Hims & Hers said on Thursday that its new offering will retail at $49 per month and contains semaglutide, the same active ingredient as Wegovy. Novo began selling its Wegovy pill in the US last month for $149 a month at the lowest dose after it became the first oral version of a weight-loss drug to be approved by regulators worldwide.
Novo responded angrily to the move, calling it “illegal mass compounding” that it claimed posed a “significant risk to patient safety” and saying that it will take legal and regulatory action to protect patients and its patent.
“This is another example of Hims & Hers’ historic behaviour of duping the American public with knock-off GLP-1 products, and the FDA has previously warned them about their deceptive advertising of GLP-1 knock-offs.”
Hims & Hers is offering a “compounded” version of a weight-loss pill. Compounding involves the production of custom-made drugs using the same active ingredients that replicate the effect of branded medicines. Compounded drugs are not approved by the US Food and Drug Administration.
Novo ended a tie-up with Hims & Hers last year after accusing it of deceptively marketing copycat versions of its blockbuster Wegovy weight-loss drug under the guise of “personalisation”, a claim that the telehealth group rejected at the time.
Compounded versions of obesity and diabetes drugs became popular in 2022 after the drugs exploded in popularity and pharma groups Novo and Eli Lilly struggled to meet demand. The FDA declared an official shortage of the drugs, allowing pharmacies to make versions of Novo’s Wegovy and Ozempic and Lilly’s Zepbound.
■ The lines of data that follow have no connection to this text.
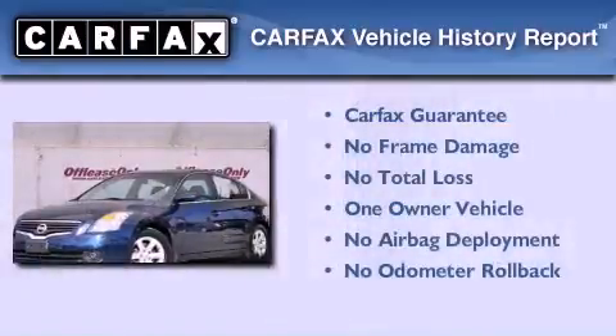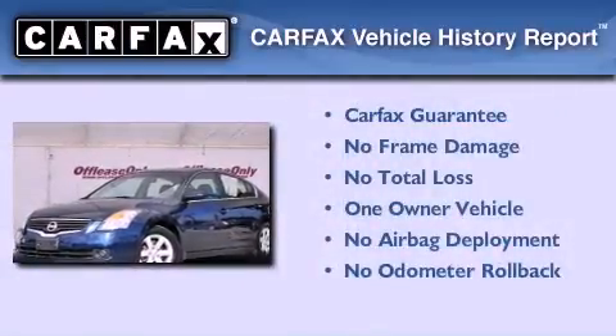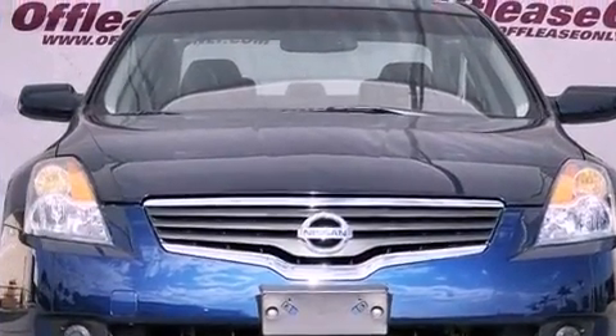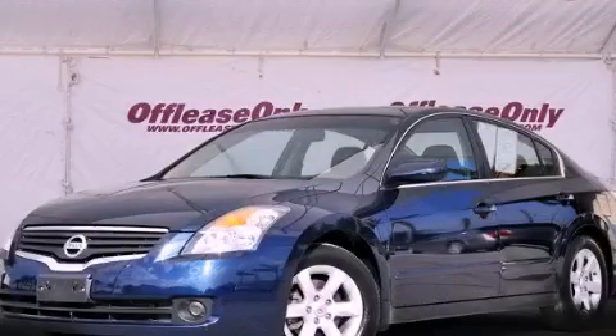This Nissan has had only one owner and it qualifies for the Carfax buy-back guarantee. This vehicle won't last long at this price. Call and arrange a test drive now.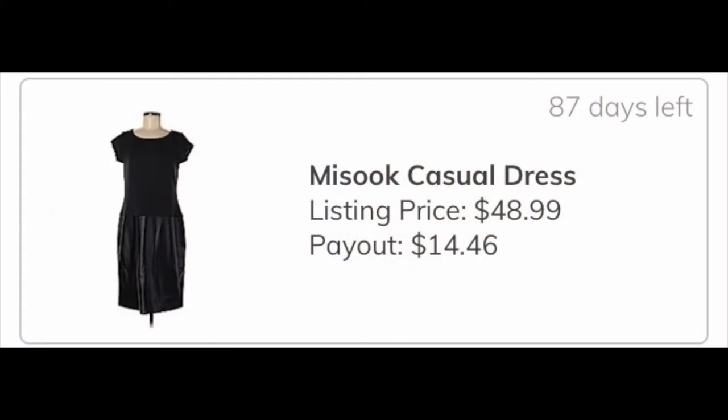The next item they took was a faux leather skirt dress from Masuk, and my earnings from that item if it sells on ThredUp will be $14.46. I'm just going to tell you whether or not I'm seeing a return — I won't say my exact cost of goods, since it differs for everybody based on their region and business plan. I am making a small return on this item.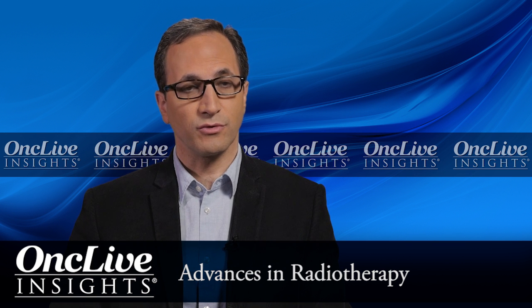Radiation therapy is an important modality in head and neck cancer. I alluded to its use postoperatively. It can also be used in the upfront setting as a curative treatment for early stage disease, or in combination with chemotherapy for advanced stage.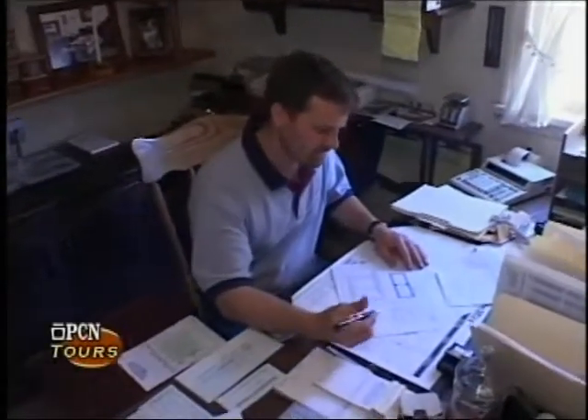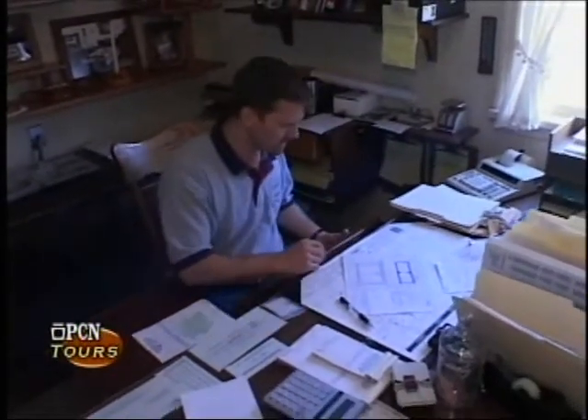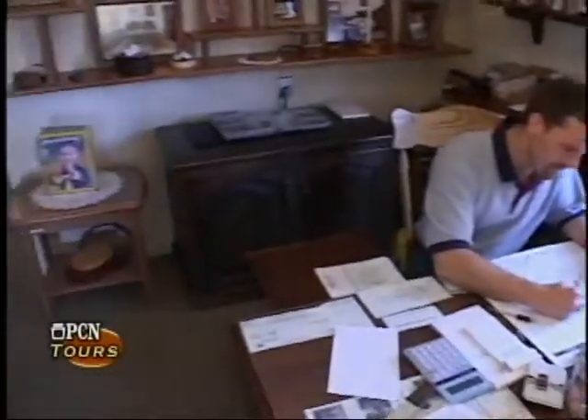We have done this for many years. My craftsmen are true artists, and you will see their actual signature. My men make a piece from start to finish.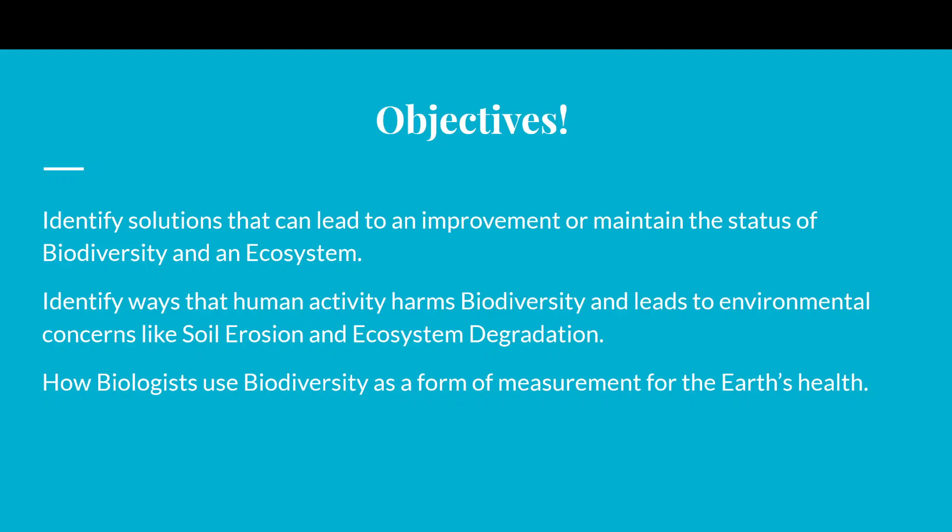Here are our objectives for what we're going to be doing with this unit. We're going to identify solutions that can lead to an improvement or maintain the status of biodiversity in an ecosystem. A couple of weeks ago we talked about biodiversity — bio meaning life, and diversity meaning a variety of things — so biodiversity is a variety of living things. We're going to learn about ways we can help biodiversity get stronger, or at least help it stay where it is.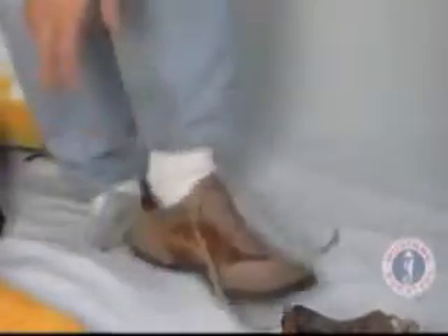Remove any footwear, rings, watches, earrings, necklaces or eyeglasses that may cause damage to the neck and wrist seals. Loose pants may be tucked into socks to aid in donning the suit.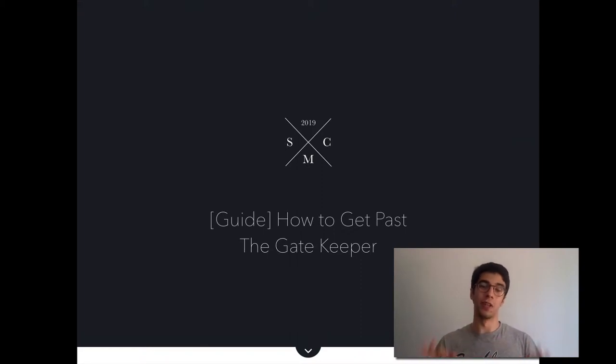Welcome to this video on how to get past the gatekeeper. It's a very famous topic and a very hard subject actually. A lot of people struggle with it, but I'm going to show you why you should actually use the gatekeeper and not just try to get past them. So let's get right into it.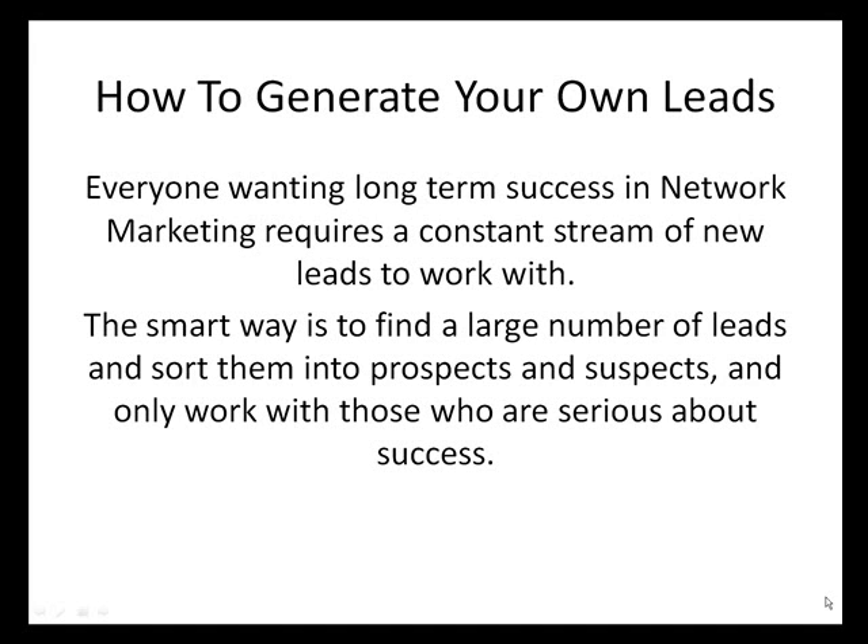How to generate your own leads. Everyone wanting long-term success in network marketing requires a constant stream of new leads to work with. The smart way is to find a large number of leads and sort them into prospects and suspects, and only work with those who are serious about success.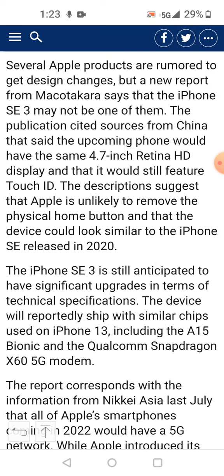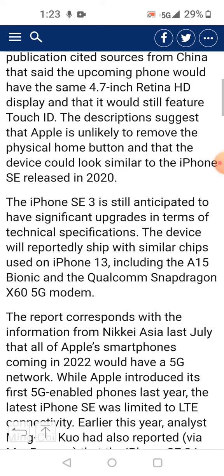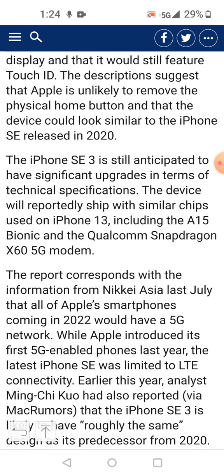It says the iPhone SE is anticipated to have a significant upgrade in terms of technical specifications. The device will reportedly ship with similar chips used on the iPhone 13, including the A15 Bionic chipset and the Qualcomm Snapdragon X60 5G modem. So for all you people wondering what modem is inside their 4.7-inch phone — it has the Qualcomm Snapdragon X60 5G modem.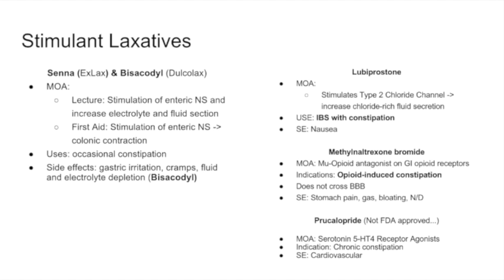One more point: senna is a natural product, but bisacodyl comes in both oral form and as suppositories that can be inserted per rectum.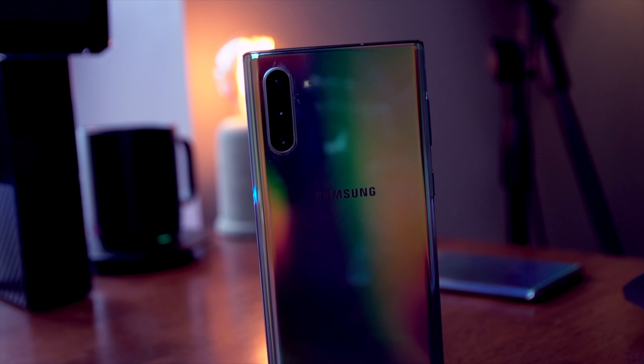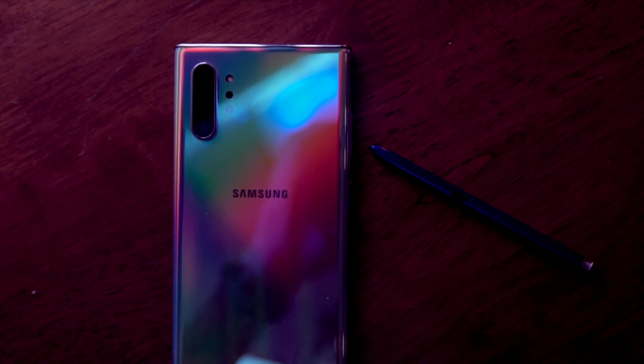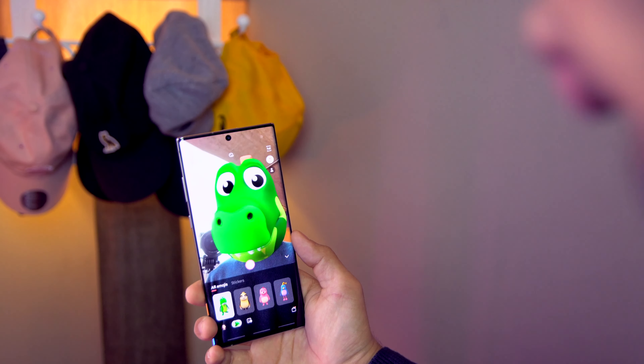One feature I haven't touched on yet is the camera. The cameras on both devices are fantastic — because they're the exact same cameras: a 16 megapixel ultra wide, and two 12 megapixel cameras, one a 2x optical zoom lens and one a normal lens. The only difference is that the Note 10 Plus has a true depth sensor, which allows additional S Pen AR capabilities — like annotating video in augmented reality — and better live focus portrait photos. That's cool, but I personally didn't find much application for the AR features. Still, the Note 10 Plus takes the cake on camera.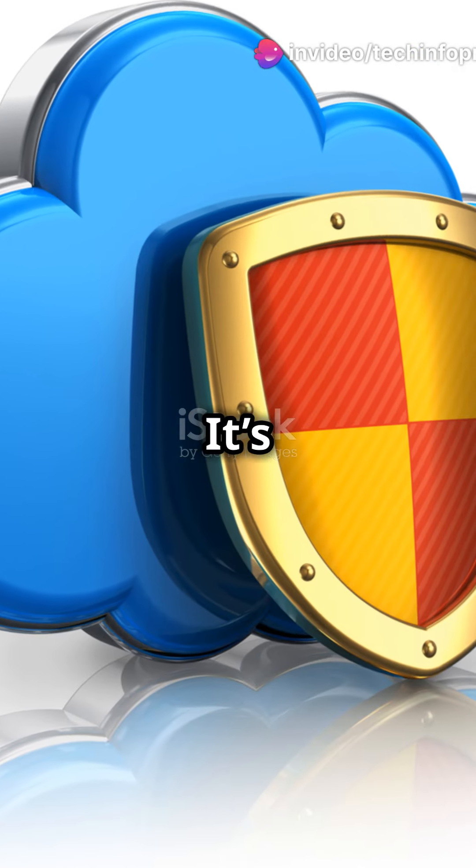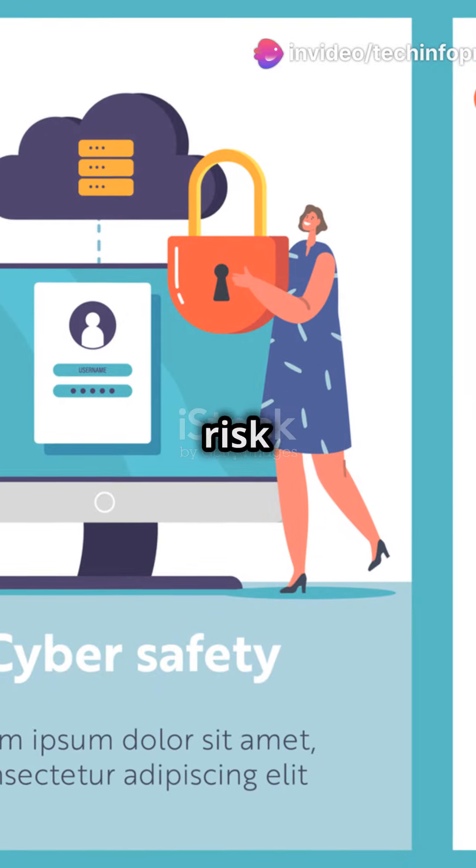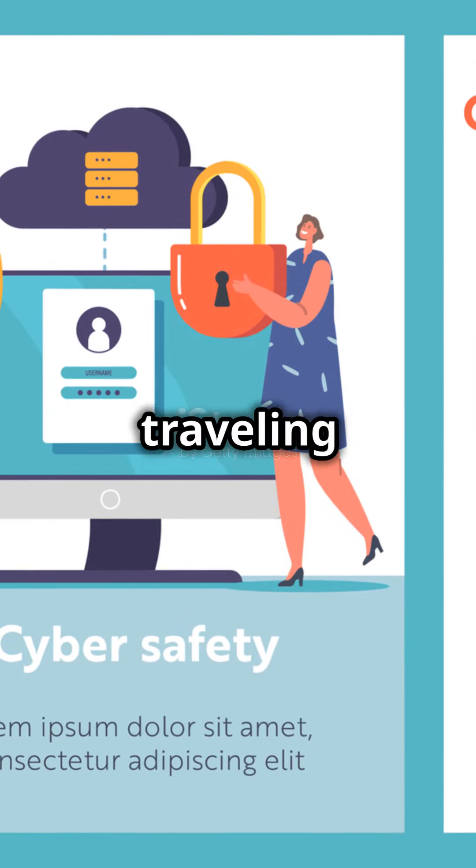And the cherry on top? It's safer. By processing data locally, the risk of data breaches drops as there's less data traveling back and forth.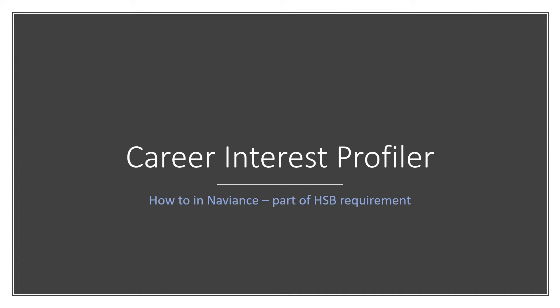Hello Royal Seniors! My name is Ms. Clem. I'm your career specialist and I'm here to walk you through some simple steps to finish your career interest survey, which is one of the requirements of the high school and beyond plan, which is going to get you one step closer to graduation.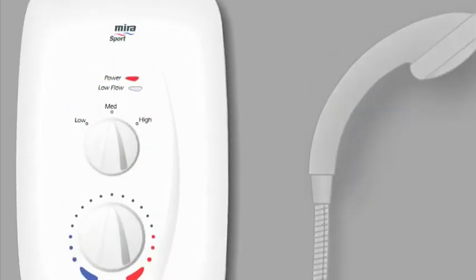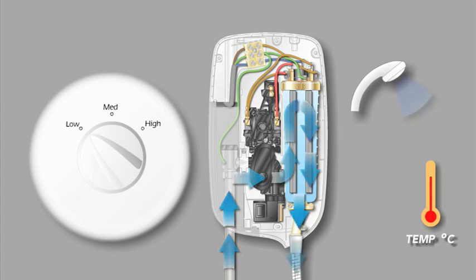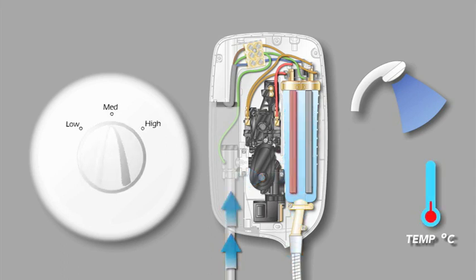Most Myra electric showers have three heater settings. Low: the heater elements are switched off, delivering a cold shower. Medium: only one heater element is switched on, delivering a warm shower but with minimal power consumption, and as such only beneficial in the warmer summer months. High: both heater elements are switched on to ensure a warm shower regardless of the season.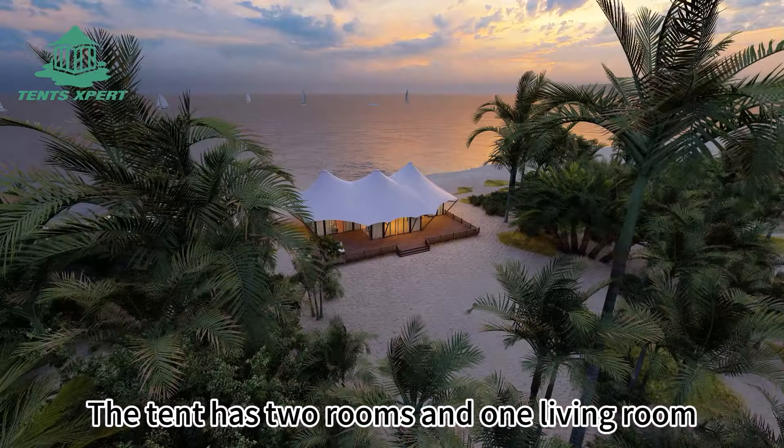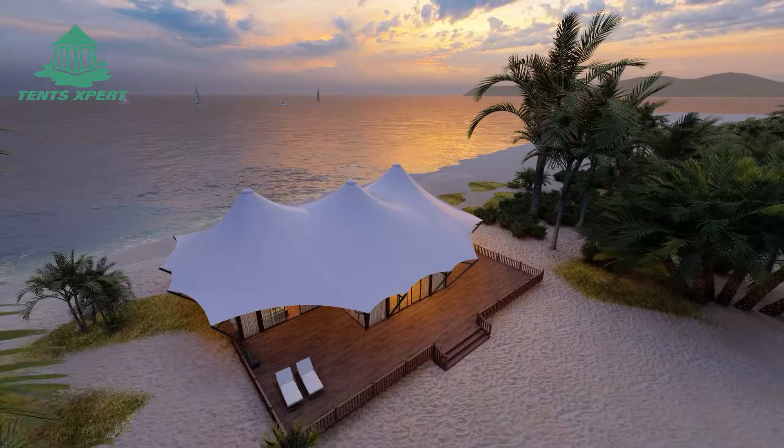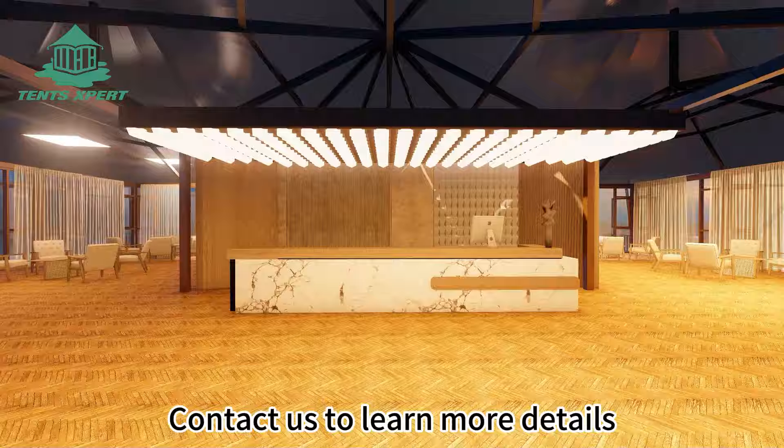The tent has two rooms and one living room, so it can accommodate at least four people. Do you like this tent? Contact us to learn more details.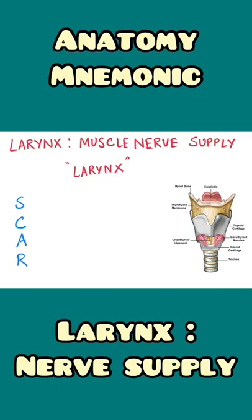Hello everyone. The Nerd Medic here, and in this video we will learn about a quick mnemonic to remember the nerve supply of the muscles of the larynx.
The FDA has since said the shortages of the drugs were over.
The FDA sent a letter to Hims & Hers last September, warning that claims on its website that its compounded semaglutide products contained the “same active ingredient as Ozempic and Wegovy” and were “clinically proven ingredients” were false because they implied the “products are the same as an FDA-approved product when they are not”.
Hims & Hers did not immediately respond to a request for comment.
The move by Hims & Hers piles more pressure on Novo, which has warned that it expects net sales to decline by as much as 13 per cent this year on the back of increased competition and lower prices in the US.
Lilly is expected to receive regulatory approval later this year for its own pill version of the popular Zepbound drug.
Shares in Copenhagen-listed Novo were down 8 per cent on Thursday in midday New York trading while shares in Lilly’s were down 7 per cent. Hims & Hers shares were down 1.5 per cent.